Começando por afirmar que “estamos a ter mais um ano turístico positivo em Portugal”, o presidente da Confederação do Turismo de Portugal, frisou que, apesar de não haver estagnação na evolução do turismo, “estamos a entrar numa fase de crescimento sustentável (…) algo que já se antevia, depois de crescimentos muito fortes nos anos pós-pandemia”.
Para o comprovar, apoiou-se nos números do INE que reforçam o facto de o crescimento em 2025 não estar ao nível do verificado nos últimos anos, muito embora o turismo continue “a gerar mais valor”. Sublinhou ainda a subida do mercado interno do qual “depende muito o crescimento do turismo este ano”.
Alertou, no entanto, que “sem um novo aeroporto, muito dificilmente teremos crescimentos no Turismo”, pelo que há “decisões estratégicas que têm de ser tomadas” e colocadas em prática “com rapidez” para que o turismo continue a ser “uma atividade dinâmica, com grande capacidade de gerar valor em praticamente todas as regiões do País”.
Os números deste ano, disse, devem servir de alerta para o Governo, para que este comece a agir e a tomar as medidas necessárias, sendo que a primeira destas medidas é o novo aeroporto que considerou ser uma “urgência”. Mas até lá, frisou, “é preciso urgentemente decidir sobre uma alternativa intermédia ao aeroporto em Alcochete”, defendendo, uma vez mais, que “o Montijo é uma opção intermédia rápida, eficaz e mais barata!”.
Além do novo aeroporto, Francisco Calheiros considerou como necessidades prioritárias que devem ser asseguradas, a privatização da TAP, a reforma do Estado, a descida da carga fiscal, a resposta às necessidades de mão de obra, a concretização efetiva do PRR, a legislação laboral, a segurança e ainda a sustentabilidade económico-financeira das empresas.
Relativamente à TAP e ao processo de privatização em curso, o presidente da CTP defendeu que “a TAP, sendo importante para o país e para o Turismo, não pode continuar orgulhosamente só e isolada no mercado, tendo de ser integrada num consórcio com provas dadas e que traga mais-valias à TAP e ao País”.

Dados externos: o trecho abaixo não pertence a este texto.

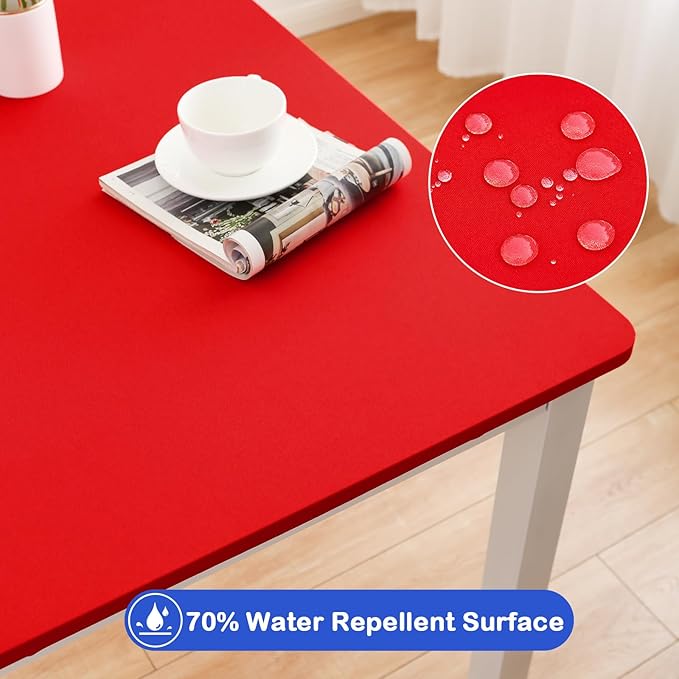 Wolkemer 2 Pack Red Fitted Tablecloth 34x34 Inch Square Elastic Edges Table Cloth, Spandex Stretch Table Cover with Machine Washable Fabric for Wedding Party Picnic Dining Indoor Outdoor
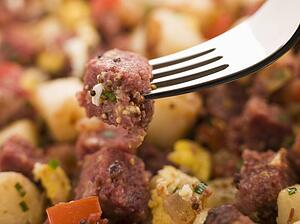 Corned Beef Hash on a Fork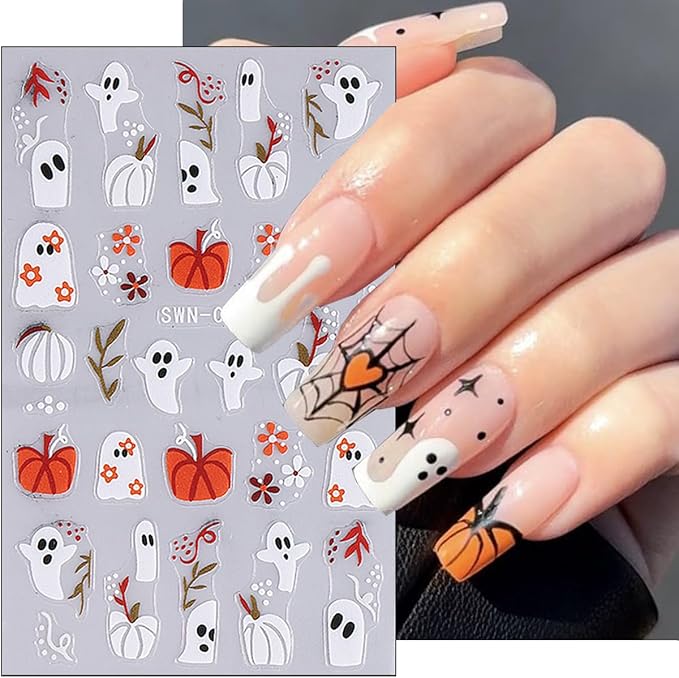 3Pcs Halloween Nail Stickers 5D Embossed Flower Ghost Nail Decals Spider Web Pumpkin Bandage Design Goth Spider Nail Art Stickers French Mummy Skeleton Nails Supplies for Women Holiday Manicure Decor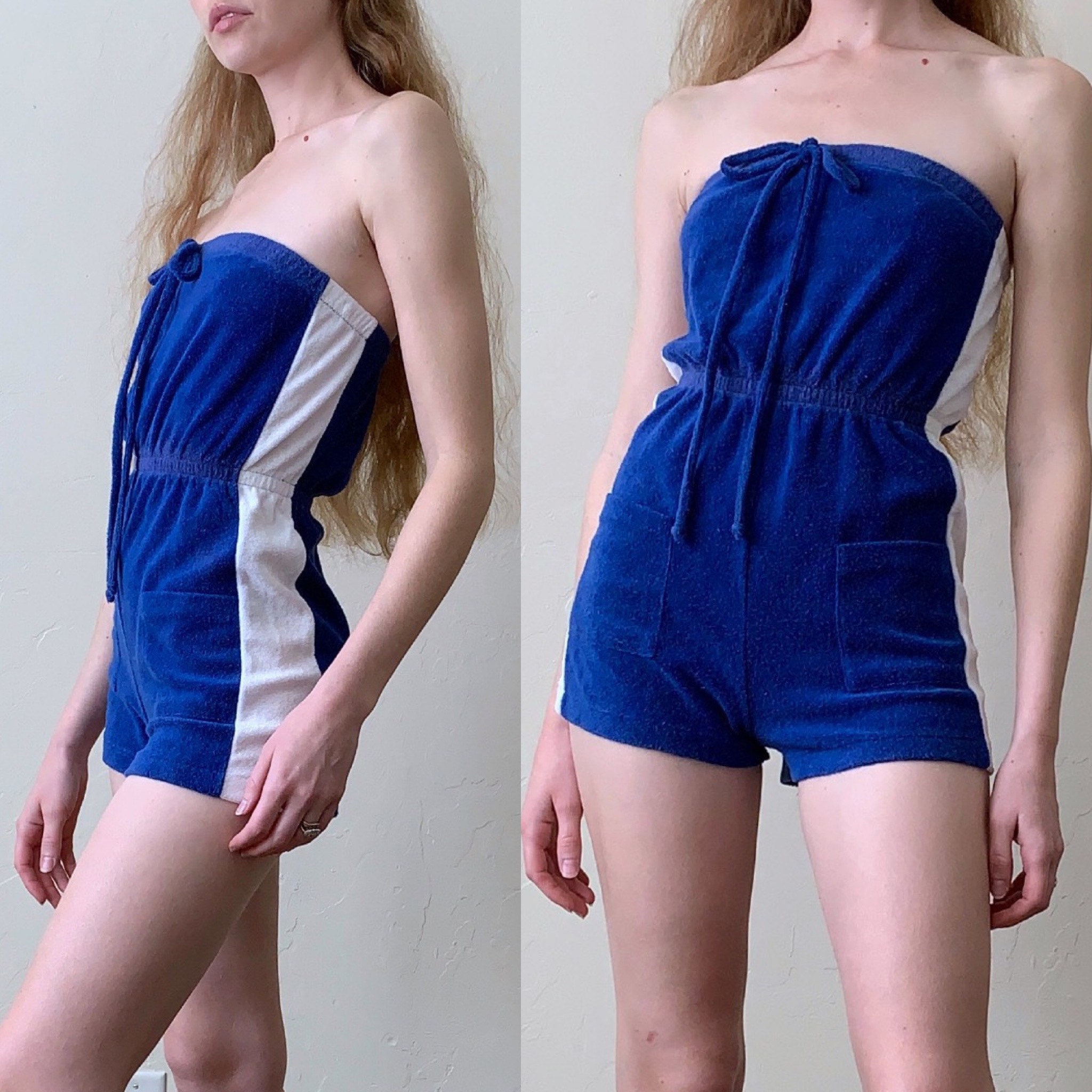 James Bond Blue Terrycloth Goldfinger Romper French Terry Jumpsuit Pool  Beach Cover-up Unisex 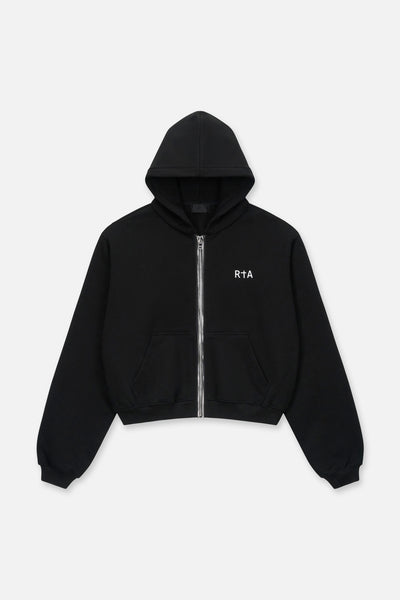 Black Cropped Zip Hoodie | RTA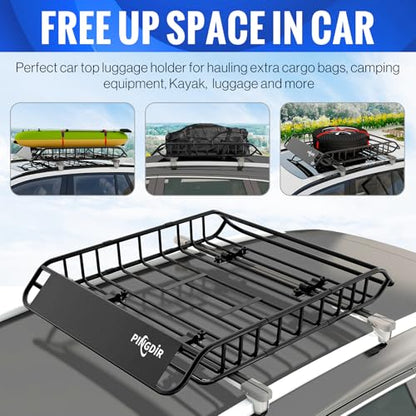PINGDIR roof Rack Basket Rooftop Cargo Carrier 46"*36" ，Cargo Net with Attachment Hooks, - size: 46 inches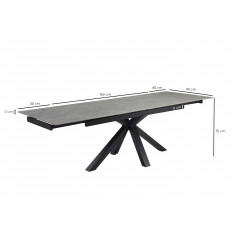 Table extensible en céramique marbre grey L160/240cm - Pieds n°7 : Type croix pleine - UNIK
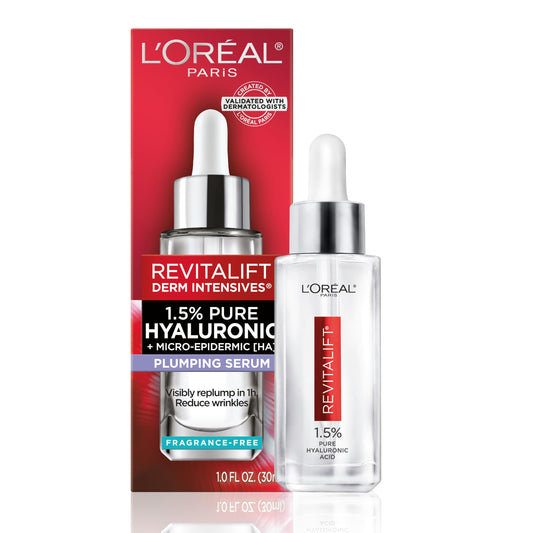 L'Oreal Paris Revitalift Hyaluronic Acid Serum 1.5% – Hydrates, Reduces Wrinkles, Anti-Aging, Fragrance-Free, 1 oz, All Skin Types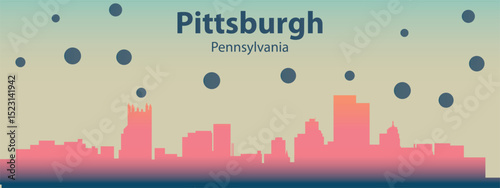 a stylized silhouette of the city skyline of Pittsburgh with pink buildings against a light beige sky with scattered dark circles that can symbolize rain or stars.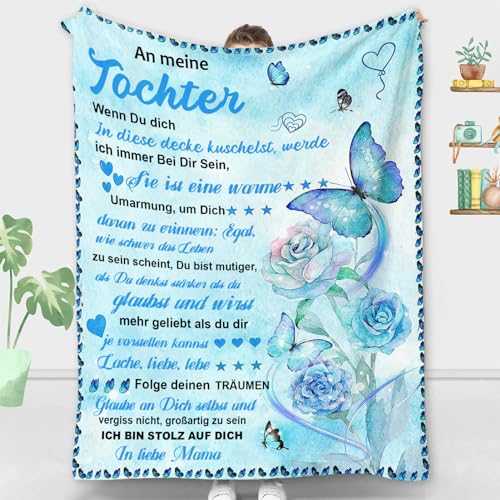 ZQYMM Personalisierte Decke Tochter Geschenke von Mama, Mutter Tochter Geschenke, Kuscheldecke Flauschige, Witziges Geburtstagsgeschenk für Meine Tochter, 18 Geburtstag Mädchen von ZQYMM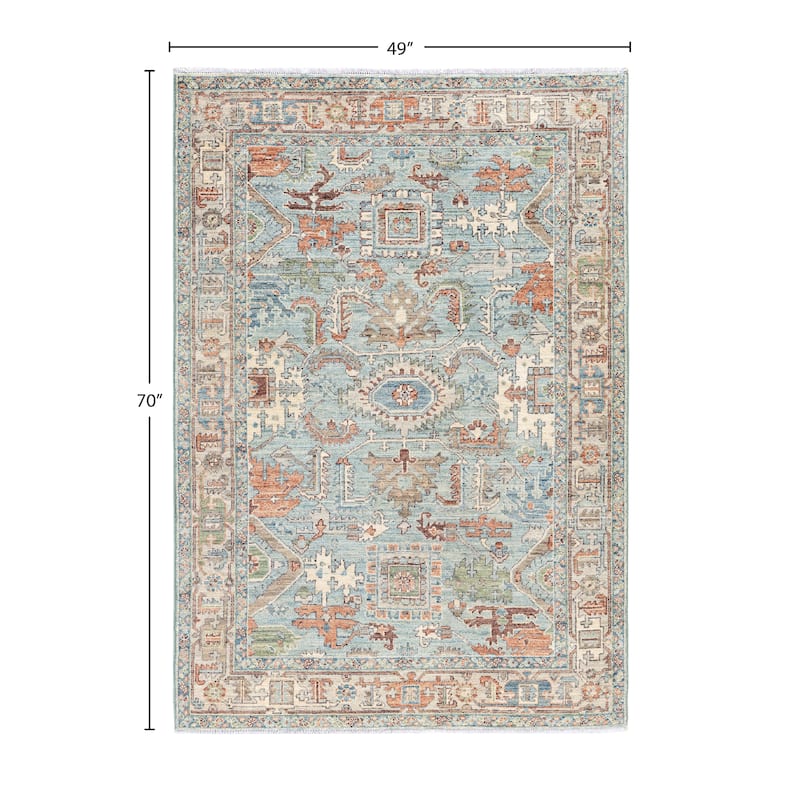 Serapi One-of-a-Kind Hand-Knotted Area Rug - Green - 4' 1" x 5' 10"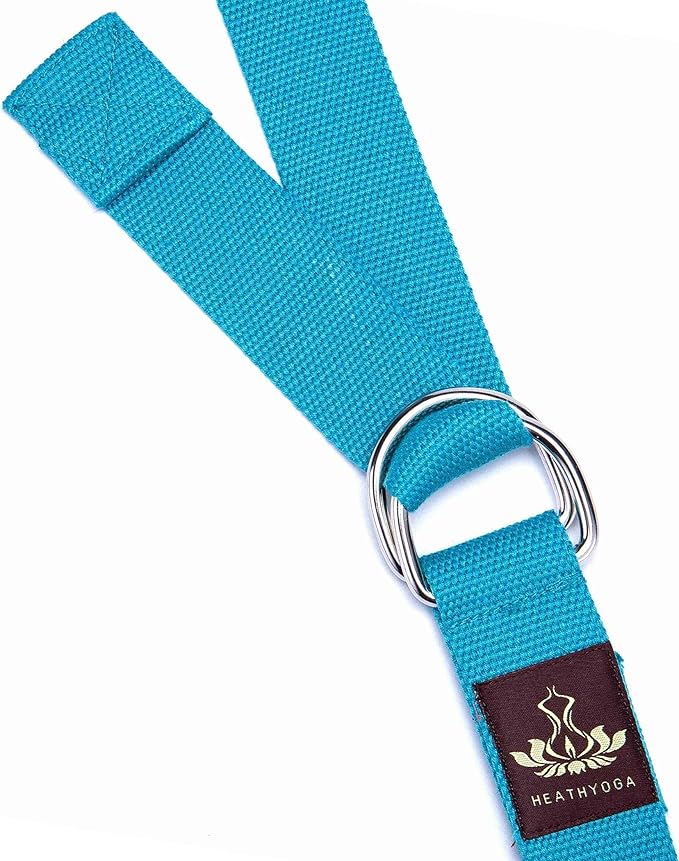 Heathyoga Yoga Blocks 2 Pack with Strap, High Density EVA Foam Yoga Block and Yoga Strap Set to Support and Improve Poses and Flexibility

Defendendo que a privatização deveria ser a 100%, Francisco Calheiros garantiu que “não prescindimos da ideia de que o consórcio internacional que fique a gerir a TAP, tem de garantir desde logo o hub de Lisboa e as ligações aéreas especiais às ilhas e aos países da CPLP”.
Ainda no que se refere à mobilidade, considerou que “a ferrovia e o TGV são fatores essenciais para o Turismo e para a economia do país e um complemento às estruturas aeroportuárias”, frisando que a Alta Velocidade Lisboa/Porto e Lisboa/Madrid libertaria “cerca de 40 voos diários da Portela”.
A terminar frisou a importância do mercado asiático, salientando o número crescente de turistas provenientes da China ou da Coreia do Sul que visitam Portugal. “Se os Estados Unidos são já atualmente um dos mercados que mais crescem em termos do Turismo em Portugal, estou em crer que o mercado asiático continuará também ele a crescer e a criar cada vez mais valor”, afirmou, considerando que “é desta diversidade que o Turismo do nosso país precisa, pelo que devemos continuar a adotar as estratégias corretas de promoção e a criação de oferta específica, que atraiam cada vez mais turistas desta parte do mundo, que tem tido desde sempre fortes laços com Portugal”.